The intersection of artificial intelligence (AI) and music has become an essential field of study, with Large Language Models (LLMs) playing a significant role in generating sequences. Skywork AI PTE. LTD. and Hong Kong University of Science and Technology have developed ChatMusician, a text-based LLM, to tackle the issue of understanding and generating music.
ChatMusician shows potential in addressing both difficulties in generating music using language modeling and gaps in publicly available music databases. The team gathered metadata from two million music recordings on YouTube, and took 500,000 of them out. They used GPT-4 to create summaries of these metadata records and generated music knowledge QA pairings using Self-instruct. They found that their model based on GPT-4 outperformed others in various music-generating tasks, according to empirical evaluations.
The researchers believe that the incorporation of math and code could further enhance the reasoning power of symbolic music, which is currently lacking in symbolic music datasets in the computational music community. To confirm their system’s effectiveness, they also created MusicTheoryBenchmark, a test based on college-level course materials and past exams, formatted into JSON and ABC string formats.
The team’s findings suggested that Large Language Models struggle with benchmarks like MusicTheoryBenchmark. This direct comparison indicates there’s still a vast and unexplored realm of musical understanding that needs further research, similar to code and mathematical reasoning. To promote further collaboration in the field, all components of the framework, including the benchmark, scripts, and the 4B-token music-language corpora MusicPile, have been made open-source.

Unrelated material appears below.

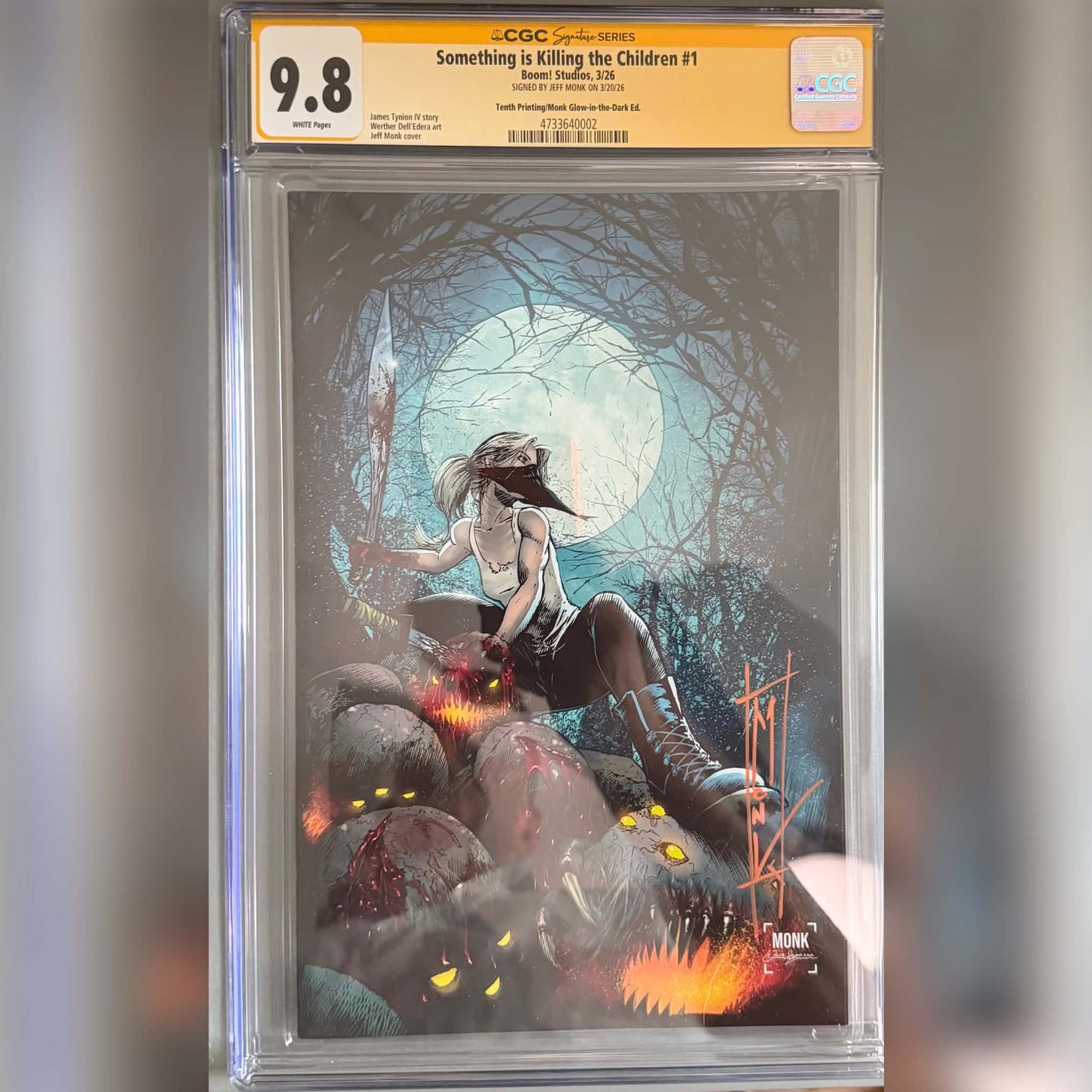 SOMETHING IS KILLING THE CHILDREN #1 CGC 9.8 – JEFF MONK MEGACON EXCLUSIVE (SIGNED GLOW IN THE DARK VARIANT)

However, the current version of ChatMusician primarily produces Irish-style music, given the large dataset derived from this genre. As a result of limited variety in handcrafted music instructions, the model faces challenges in supporting open-ended music-generating tasks and experiences hallucinations.
This work represents a significant advancement in the field of AI-generated music and a substantial move towards generating an open-source Large Language Model incorporating intrinsic musical abilities. With further study, researchers could overcome the shortcomings of current models and continue to explore the fascinating intersection of language, music, and artificial intelligence.